Tip or Reward? Incentivizing the information flow on organized crime
Dr Adam Masters1
1The Australian National University
This paper provides an overview of how tips and rewards are used by Australian police to combat serious and organised crime. Originally drafted as a comparative report for the Dutch Parliament in mid 2021, the purpose of this study is to explore what is known about the influence of tip and reward money on the willingness of citizens – including criminals – to provide information to the police. The research focuses on tips about “organized and serious crimes”, in particular violent crimes, drug crimes, money laundering and corruption. Crimes that by their nature affect existing social structures and ultimately the rule of law. The paper maps the development of rewards from the colonial era to the recent “Lawyer X” Royal Commission in Victoria. It then focuses on the use of police informants and the systemic flaws exposed in New South Wales and Queensland as well as apparent successes at the Federal level. The research points to a continued use of rewards into the future, however with greater oversight on police.

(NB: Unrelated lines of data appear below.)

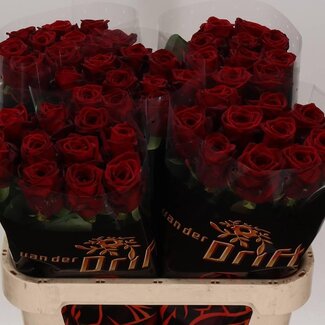 Freshy Roses “Red Naomi Drift” | Colour: Red | Length ± 80 centimetre | Per 10 roses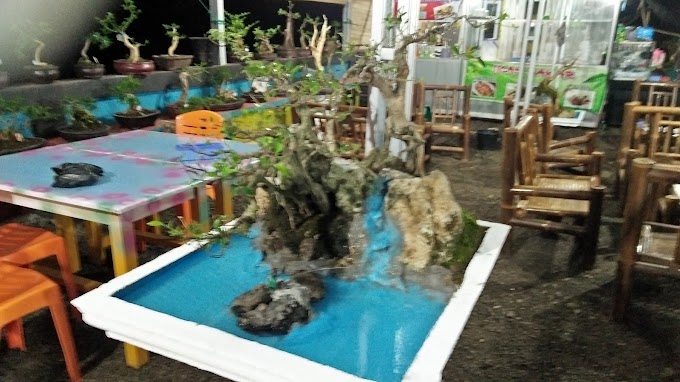 PEROSES MEMBUAT BONSAI BERINGIN KIMENG CEPAT & INDAH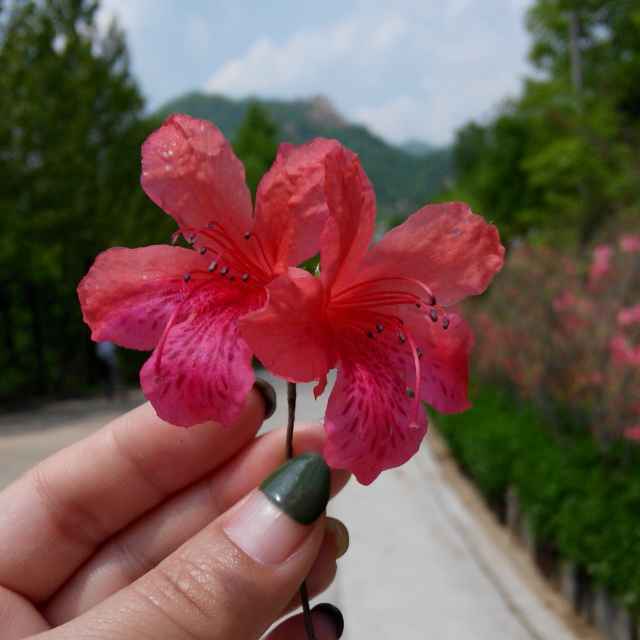 邙山远眺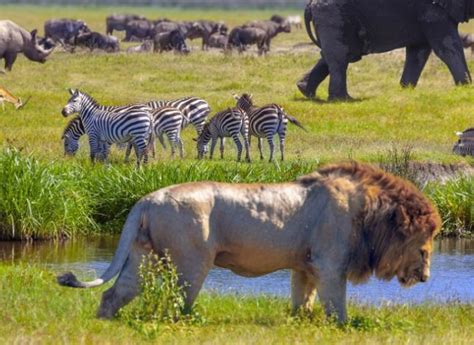 Global Biodiversity Framework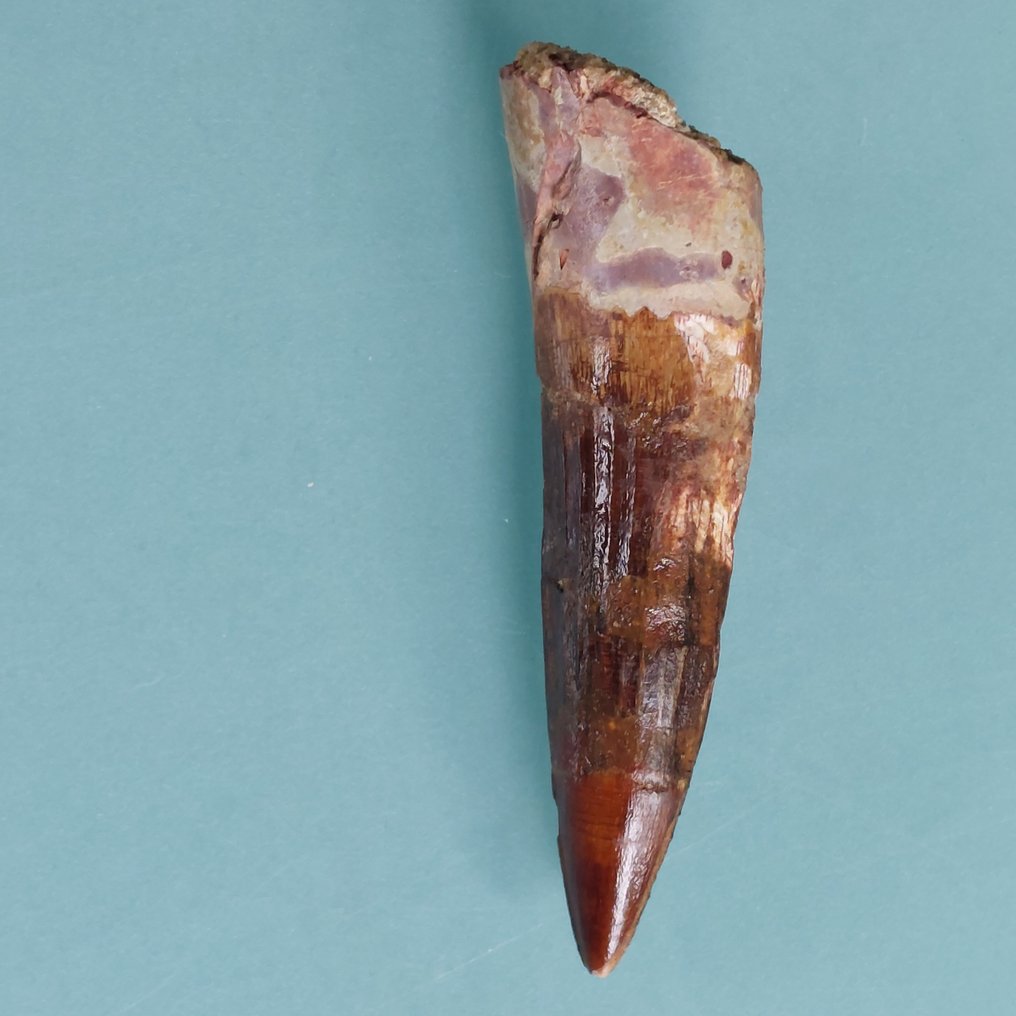 恐龙 - 牙齿化石 - Spinosaurus aegyptiacus - 70 mm - 20 mm #1.0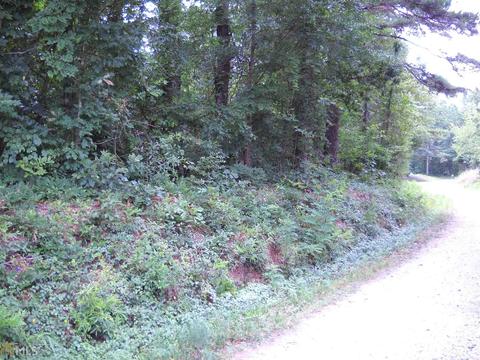 227 Old Jarrett Mill Rd, Toccoa, GA 30577 photo 13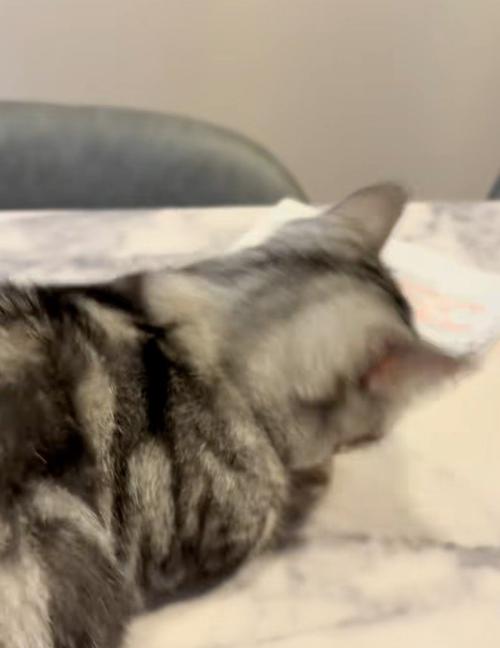 猫の後ろ姿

Dr Adam Masters lectures on corruption and organized crime at the Australian National University’s Centre for Social Research and Methods. His teaching is based on his research in both fields, and he has also published on political rhetoric and the influence of organizational and professional culture on organizations, including Interpol. Before obtaining his PhD, Dr Masters 24-year public sector career included 18 years with the Australian Federal Police, which followed time with the Australian Taxation Office and Department of Defence.